Nei suoi commenti Lynn è davvero ingiusta perché non vede i “progressi” di Sua Maestà anche in questo campo: l’anno scorso le teste mozzate sono state 153, quest’anno, salvo straordinari dei boia (speriamo ben retribuiti), questa cifra non sarà raggiunta. Restano però uguali i “crimini” per cui si merita di morire: terrorismo, omicidio, stupro, furto, traffico di droga, adulterio e “stregoneria”. Soltanto l’anno scorso, afferma Human Rights Watch, 23 persone sono state giustiziate per reati di droga. Senza dimenticare poi i dissidenti politici che, manco a dirlo, sono tutti “terroristi”. Perché re Salman sarà pure “progressista” – qualche commentatore parlerà a breve di “modernista” siamone certi – ma pur sempre entro i canoni medievali sauditi.

Che un “nuovo corso” sia in atto è però vero nei rapporti tra Russia e Arabia Saudita. Sui fronti opposti in Siria, dove Ryadh appoggia gruppi più o meno jihadisti laddove Mosca appoggia il governo di Bashar al-Asad, i due paesi dialogano da un po’ di tempo con piacere in campo economico. A maggio Riyadh e Mosca hanno trovato una intesa fra Opec e altri paesi produttori di petrolio per ridurre da gennaio la produzione dell’oro nero di 1,8 milioni di barili al giorno in modo da alzare così il prezzo del greggio (che, sebbene mostri segnali di ripresi, è ancora la metà rispetto al 2014).

Questa vicinanza sarà poi confermata questo giovedì quando il re Salman volerà per la prima volta in Russia su invito del presidente Vladimir Putin. Durante la visita, dove nessuno dei due sgriderà l’altro per il mancato rispetto dei diritti umani, i due leader discuteranno di investimenti per un valore pari a un miliardo di dollari nel settore energetico. L’affare, confermato ieri dal ministro dell’energia russo Alexander Novak, rientra in un progetto più ampio che mira ad espandere la cooperazione tra i due paesi. “Il nostro obiettivo non è solo rafforzare la cooperazione tra Opec e non-Opec, ma anche quella in campo di petrolio, gas, elettricità, energie rinnovali e altri progetti” ha detto Novak ad al-Arabiya. Secondo una fonte russa, i due paesi dovrebbero firmare un memorandum di intesa (MoU) per un progetto sul gas naturale liquefatto (Lng) conosciuto come Arctic LNG-2 che dovrebbe essere avviato nel 2020. 

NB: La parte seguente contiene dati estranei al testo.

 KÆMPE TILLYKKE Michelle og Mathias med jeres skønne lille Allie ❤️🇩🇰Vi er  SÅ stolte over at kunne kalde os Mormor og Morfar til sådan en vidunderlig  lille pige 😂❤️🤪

Il fondo per l’investimento pubblico saudita ha intanto annunciato ieri la nascita di due compagnie che svilupperanno le infrastrutture nelle città sante islamiche di Mecca e Medina. Secondo l’agenzia statale PIF, le due società, la Rou’a al-Haram e Rou’a al-Madinah, costruiranno circa 150.000 stanze d’hotel per ospitare un numero maggiore di visitatori. Nel 2030, infatti, le autorità saudite prevedono che i turisti (per lo più pellegrini religiosi) che si recheranno nelle due città saranno rispettivamente 30 e 23 milioni.

Le due nuove compagnie rientrano nel progetto Vision 2030 ideato dal figlio del sovrano, Mohammed, che mira a diversificare le entrate economiche del Paese e a diminuire la dipendenza della monarchia dal petrolio. Nel Vision rientrano anche alcune (timide) aperture sociali come quelle relative alle donne della scorsa settimane. Ma finora, di non mozzare teste, non se ne parla proprio.